It is the rare instance of a gun regulation that is supported by prominent Republicans as well as Democrats, but it now faces a court whose conservative justices are often skeptical of agencies issuing new regulations reinterpreting old laws.
While they asked skeptical questions, none of the justices sounded ready to strike down the bump stock rule.
Justice Sonia Sotomayor questioned the need for such devices. “Why would a person choose to fire 400 to 800 rounds per minute?,” she asked.
Justice Ketanji Brown Jackson said the bump stock allows an AR-15 to operate like a machine gun. “These weapons are what Congress intended to prohibit,” she said.
Since 1934, Congress has restricted machine guns, which were defined as “any weapon which shoots…automatically more than one shot, without manual reloading, by a single function of the trigger.”
Prior to 2017, ATF said bump stock devices were not machine guns because the shooter had to press forward on the barrel as the recoil bumped or triggered another shot.
But after Trump’s order, ATF changed its position.
Its new rule said bump stocks were illegal machine guns because they function as “a self-acting or self-regulating mechanism that allows the firing of multiple rounds through a single function of the trigger.”
A bump stock is a plastic or metal piece that fits over the barrel. ATF says it rests against a shooter’s shoulder and “allows a semi-automatic firearm to shoot more than one shot with a single pull of the trigger by harnessing the recoil energy…so that the trigger resets and continues firing without additional physical manipulation of the trigger by the shooter.”
By 2018, when the ATF regulation took effect, about 520,000 bump stock devices were in the hands of gun owners and dealers.

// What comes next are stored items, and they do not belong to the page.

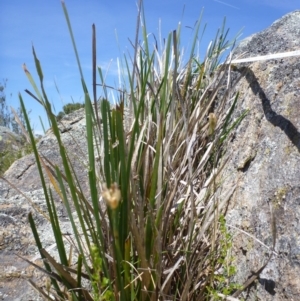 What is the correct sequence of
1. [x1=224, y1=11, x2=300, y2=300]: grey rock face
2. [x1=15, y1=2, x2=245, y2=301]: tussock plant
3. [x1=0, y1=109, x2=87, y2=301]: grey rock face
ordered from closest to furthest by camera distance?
[x1=15, y1=2, x2=245, y2=301]: tussock plant, [x1=224, y1=11, x2=300, y2=300]: grey rock face, [x1=0, y1=109, x2=87, y2=301]: grey rock face

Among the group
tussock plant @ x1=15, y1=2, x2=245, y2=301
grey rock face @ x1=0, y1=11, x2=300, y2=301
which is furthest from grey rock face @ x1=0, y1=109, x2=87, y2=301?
tussock plant @ x1=15, y1=2, x2=245, y2=301

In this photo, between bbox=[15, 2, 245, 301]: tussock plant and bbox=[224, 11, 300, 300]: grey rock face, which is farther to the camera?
bbox=[224, 11, 300, 300]: grey rock face

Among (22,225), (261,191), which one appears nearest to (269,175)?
(261,191)

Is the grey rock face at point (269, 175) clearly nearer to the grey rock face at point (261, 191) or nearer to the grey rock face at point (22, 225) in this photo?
the grey rock face at point (261, 191)

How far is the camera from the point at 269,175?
4.33ft

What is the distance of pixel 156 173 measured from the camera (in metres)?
1.16

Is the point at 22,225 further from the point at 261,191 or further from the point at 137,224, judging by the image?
the point at 261,191

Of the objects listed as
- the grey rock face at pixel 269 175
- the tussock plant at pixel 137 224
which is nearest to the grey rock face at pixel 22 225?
the tussock plant at pixel 137 224

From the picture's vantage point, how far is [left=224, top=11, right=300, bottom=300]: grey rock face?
1109 mm

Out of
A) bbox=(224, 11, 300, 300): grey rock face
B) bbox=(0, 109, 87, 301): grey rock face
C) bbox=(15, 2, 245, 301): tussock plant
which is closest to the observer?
bbox=(15, 2, 245, 301): tussock plant

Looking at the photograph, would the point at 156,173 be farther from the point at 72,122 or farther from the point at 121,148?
the point at 72,122

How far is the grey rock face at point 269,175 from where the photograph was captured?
111 centimetres

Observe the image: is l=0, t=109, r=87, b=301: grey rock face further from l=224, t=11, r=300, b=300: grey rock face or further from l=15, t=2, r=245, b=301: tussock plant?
l=224, t=11, r=300, b=300: grey rock face

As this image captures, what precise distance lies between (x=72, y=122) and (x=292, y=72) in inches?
71.9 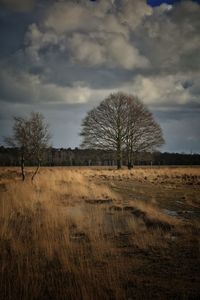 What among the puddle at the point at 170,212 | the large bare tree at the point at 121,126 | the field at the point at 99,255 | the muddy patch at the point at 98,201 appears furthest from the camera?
the large bare tree at the point at 121,126

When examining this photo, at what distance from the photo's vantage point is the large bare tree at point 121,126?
36.7 metres

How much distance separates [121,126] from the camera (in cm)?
3694

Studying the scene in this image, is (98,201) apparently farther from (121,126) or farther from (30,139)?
(121,126)

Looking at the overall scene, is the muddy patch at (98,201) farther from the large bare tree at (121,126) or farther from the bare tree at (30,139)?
the large bare tree at (121,126)

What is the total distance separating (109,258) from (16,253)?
5.90 feet

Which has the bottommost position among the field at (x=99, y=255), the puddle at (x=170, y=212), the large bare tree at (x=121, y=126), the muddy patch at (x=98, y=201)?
the field at (x=99, y=255)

The agency said they must be destroyed or turned in.
Gun owners sued to challenge the new regulation. They lost in the U.S. appeals court in Denver, Cincinnati and Washington, D.C., but won before the 5th Circuit Court in New Orleans.
Michael Cargill, a gun shop owner in Austin, Texas, had sued and argued the government should not be permitted to change its rules and take away legally purchased weapons. He won a 13-3 decision in the 5th Circuit whose judges said bump stocks do not work “automatically” like a machine gun because the shooter must “maintain manual, forward pressure on the barrel” to keep firing.
In dissent, Judge Stephen Higginson faulted the majority for revising an ambiguous law “to legalize an instrument of mass murder.”
In November, the court agreed to hear the case of Garland vs. Cargill to decide the legality of the ATF regulation. The 2nd Amendment right to bear arms is not directly at issue.
California and 16 other states had already prohibited bump stocks, but state attorneys said those bans will be harder to enforce if bump stocks can be legally purchased in other parts of the nation.